For the data that follows, print the line with "Open-face Philly cheesesteak sandwiches", the line with "empty room featuring dark parquet floors", and all lines between them, exactly as they stand. Omit pictures and add nothing.

DATA RECORDS:

════════

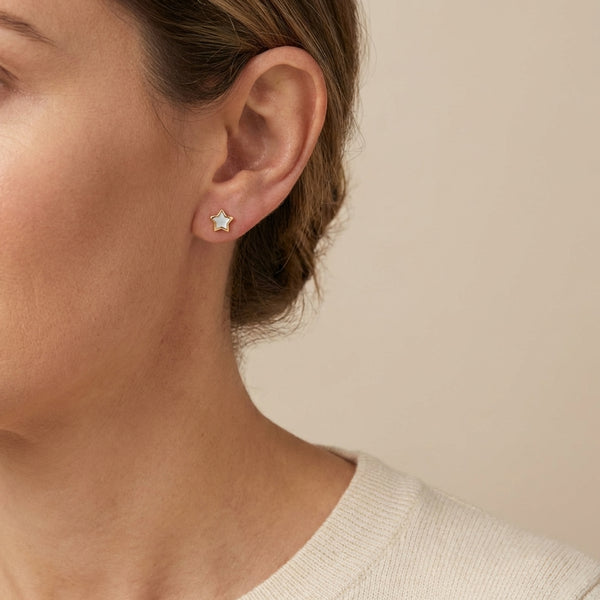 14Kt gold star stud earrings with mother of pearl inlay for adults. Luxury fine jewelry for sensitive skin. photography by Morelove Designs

════════

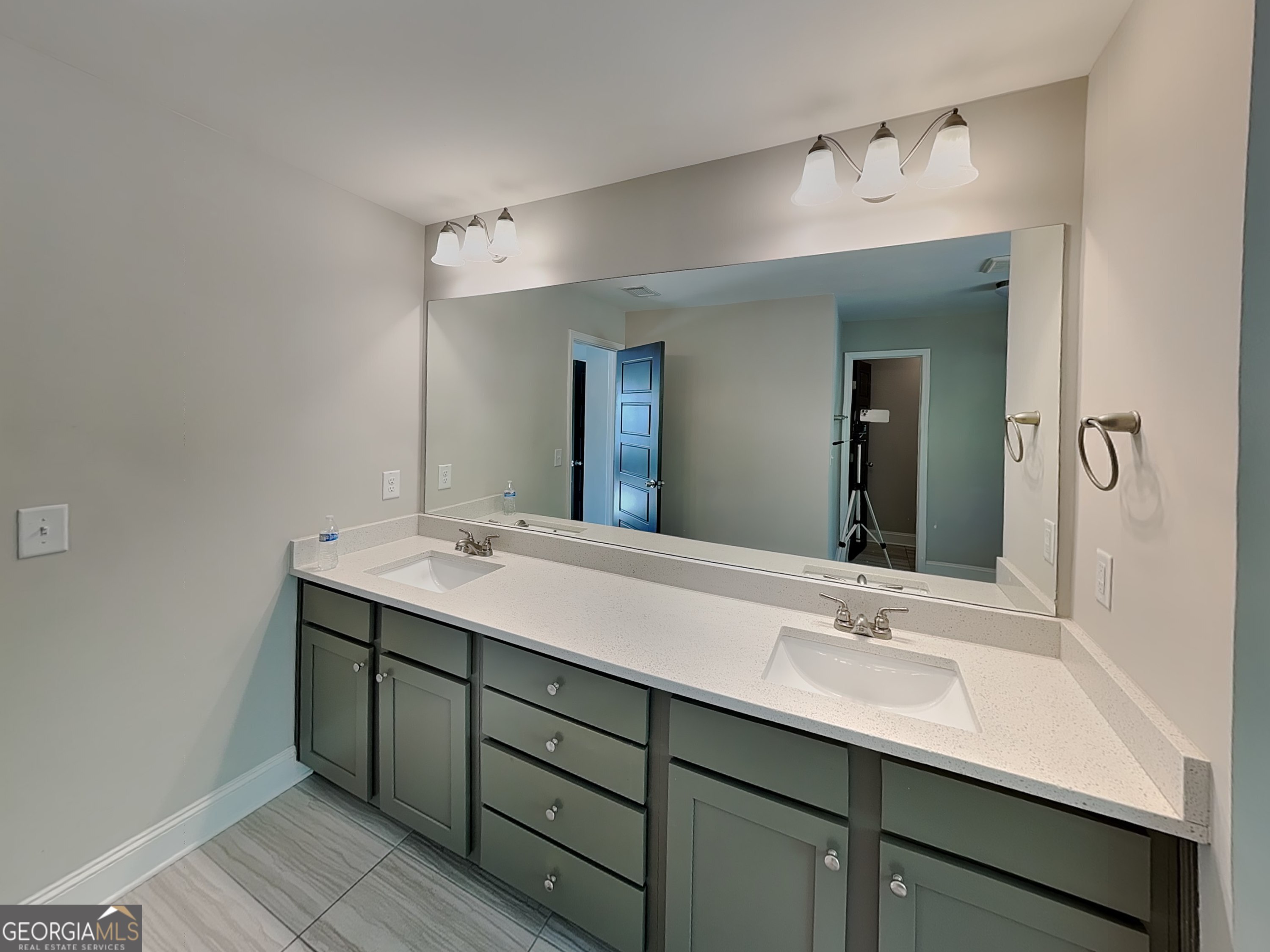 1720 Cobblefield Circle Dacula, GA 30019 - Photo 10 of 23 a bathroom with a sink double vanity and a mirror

════════

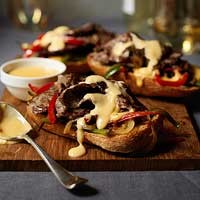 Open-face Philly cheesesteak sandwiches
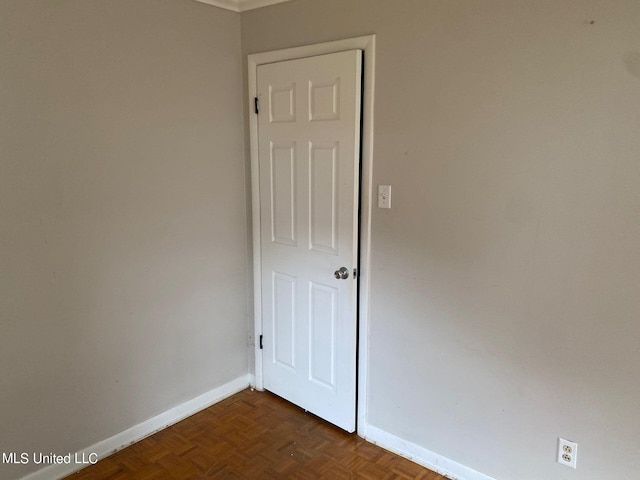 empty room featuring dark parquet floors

════════

ANSWER AREA:
 Open-face Philly cheesesteak sandwiches
 empty room featuring dark parquet floors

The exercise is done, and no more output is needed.